- Episode no.: Episode 15
- Directed by: Ken Turner
- Written by: Ian Scott Stewart
- Editing by: Len Walter
- Production code: 3
- Original air date: 21 December 1970

Guest appearances
- George Cole as Paul Roper; Maxwell Shaw as Dr Shroeder; Sonia Fox as Carol Roper; Keith Grenville as Dawson, medic; David Daker as SHADO guard;

Episode chronology
| ← Previous "The Dalotek Affair" | Next → "Computer Affair" |

= Flight Path (UFO) =

1971 episode of UFO

"Flight Path" is the fifteenth episode aired of the first series of UFO – a 1970 British television science fiction series about an alien invasion of Earth. The screenplay, originally entitled "The Sun Always Rises", was written by Ian Scott Stewart and the director was Ken Turner. The episode was filmed between 26 May to 5 June 1969 and was first broadcast on 21 December 1970 in Canada, and 20 January 1971 in the UK. Though shown as the fifteenth episode, it was actually the third to have been filmed.

The series was created by Gerry Anderson and Sylvia Anderson with Reg Hill, and produced by the Andersons and Lew Grade's Century 21 Productions for Grade's ITC Entertainment company.

== Plot ==
Carol, the wife of Paul Roper, a Moonbase operative, is being threatened by Dawson, a SHADO medical operative under alien control. Roper is blackmailed into feeding false information into SID – the satellite that tracks incoming UFOs. The information being sent to SID will allow a UFO to attack Moonbase using heavy sunspot activity as cover. However, SID reports that some of Roper's data is incorrect – either accidentally or deliberately.

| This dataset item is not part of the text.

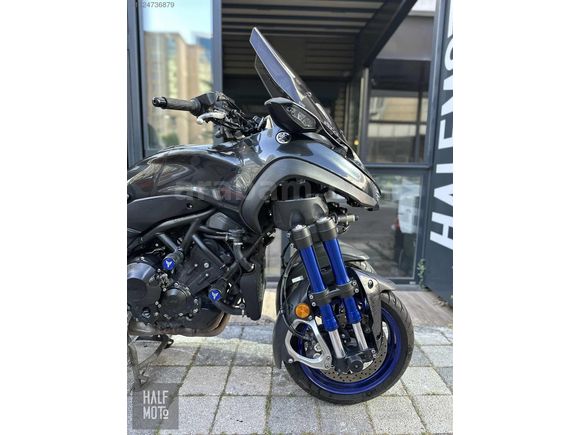 HALF MOTO 2018 YAMAHA NIKEN ÜÇLÜ ÇANTA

Carol is attacked by Dawson, and both are killed. Roper, to defend Moonbase travels out onto the lunar surface with a rocket launcher. He manages to destroy the incoming UFO but the resulting explosion punctures his space suit and he dies from oxygen starvation.

== Reception ==
Review website anorakzone.com ranked "Flight Path" the fifth-best episode of UFO, noting Cole's prominent guest role and its "downbeat", "chilling" conclusion. On the latter point, the review added: "While there are better episodes of UFO, this is what it specialised in more than the camp and the action sequences: human tragedy and offbeat resolutions."

John Kenneth Muir called it "adequate", praising the UFO effects but commenting that "despite the personal stakes involved, the episode never seems anything other than straightforward." He added that it lacks the "emotional wallop of 'Confetti Check A-O.K.', 'A Question of Priorities' or 'The Square Triangle'", and fails to rival "great high-concept action masterpieces" like "Mindbender" or "Timelash".

Video Watchdog magazine found the episode "ultimately worthwhile" with a strong climax, even if the script features "some serious lapses in logic".